HMRC Publishes Responses to Consultation on Recommendations for Agency Workers following Matthew Taylor Report on Modern Working Practices in the UK.

The Matthew Taylor Report on Modern Working Practices was commissioned by the Government and published on 7th July 2017. Its purpose was to consider the UK’s working conditions and how legislation and business practices might need to adapt to more modernized ways of working. The review made certain recommendations regarding Agency Workers, which resulted in the consultation document on Agency Worker Recommendations, published in February this year by the Department for Business, Energy and Industrial Strategy (BEIS).

The purpose of the consultation document as set out by BEIS stated;

“We need to ensure that we strike the right balance between maintaining the flexibility in the labour market…whilst equally ensuring that, in a changing work environment, workers are afforded the necessary rights and protections, and have access to the information they require.”

Over 50 responses from agencies, advisory bodies and other intermediaries were submitted, with a further 35 responses submitted by individuals themselves.

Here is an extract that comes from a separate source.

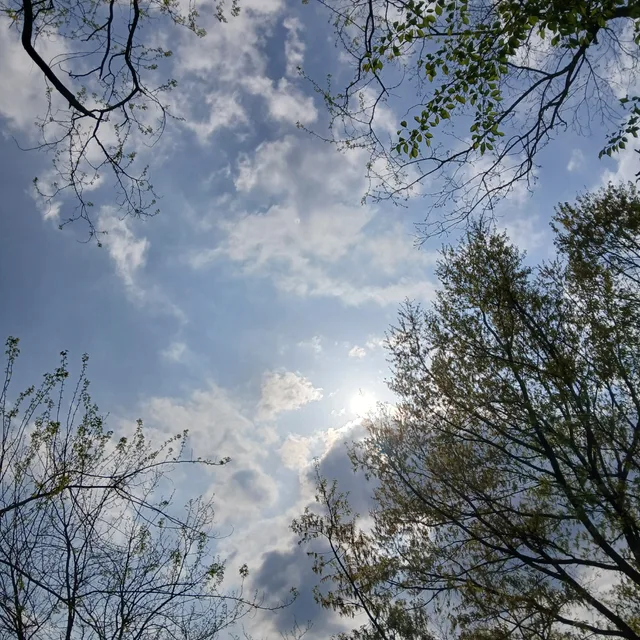 케이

Many individuals had been advised to respond by their local MP, or had heard about the consultation via a trade association.

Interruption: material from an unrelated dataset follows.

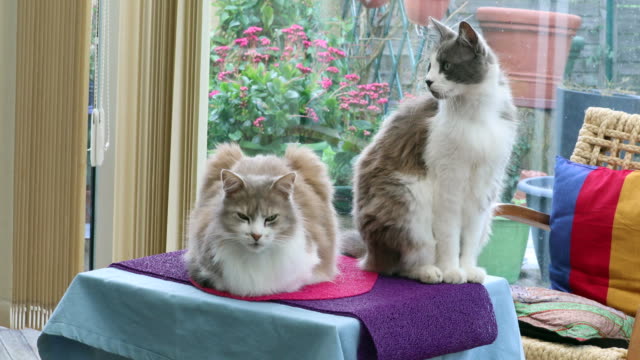 Dos-hermosos-gatos-domésticos-en-el-hogar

Of the individuals that responded to the consultation document, some used this as an opportunity to voice their concerns regarding the off-payroll rules introduced within the Public Sector in April last year and, as a result of the legislation, being forced to work inside of IR35 through an umbrella company. One individual commented; “I was forced to use them due to IR35, and it was terrible, I could not get a clear answer as to how they worked out my pay.”

The popularity of umbrella companies has increased since the introduction of IR35 reform within the Public Sector, with many end clients choosing to force off-payroll staff into operating through an umbrella to absolve themselves of any liability concerning employment status, but as indicated above, many have encountered difficulties in having to operate in this way.

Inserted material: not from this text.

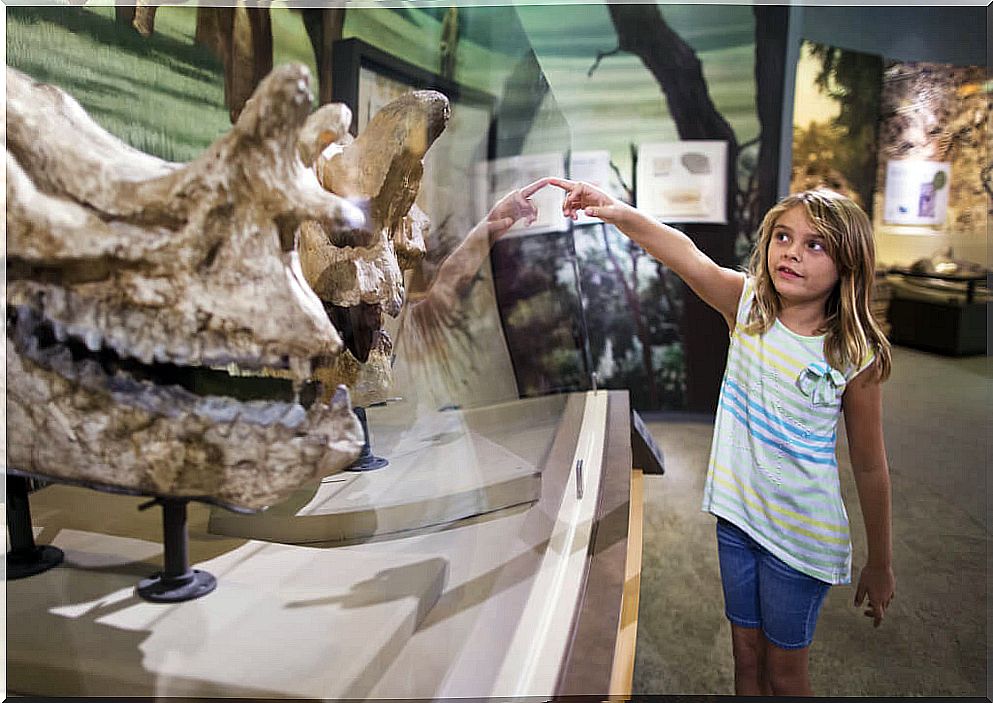 Dinosaurs arouse fascination in the little ones.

The Citizens Advice Bureau in its response to the consultation stated that;

“A common manifestation of unreasonable terms is where a worker is promised a high hourly rate at recruitment. The worker is then required to enter into an employment relationship with an umbrella company which applies charges and deductions to wages. These charges include ‘admin fees’ and charging workers an amount for employer’s NI contributions. These fees will have been agreed contractually but a worker has no choice whether to take up employment with the umbrella company. Such deductions are lawful as long as they don’t reduce the wage below the NMW level.”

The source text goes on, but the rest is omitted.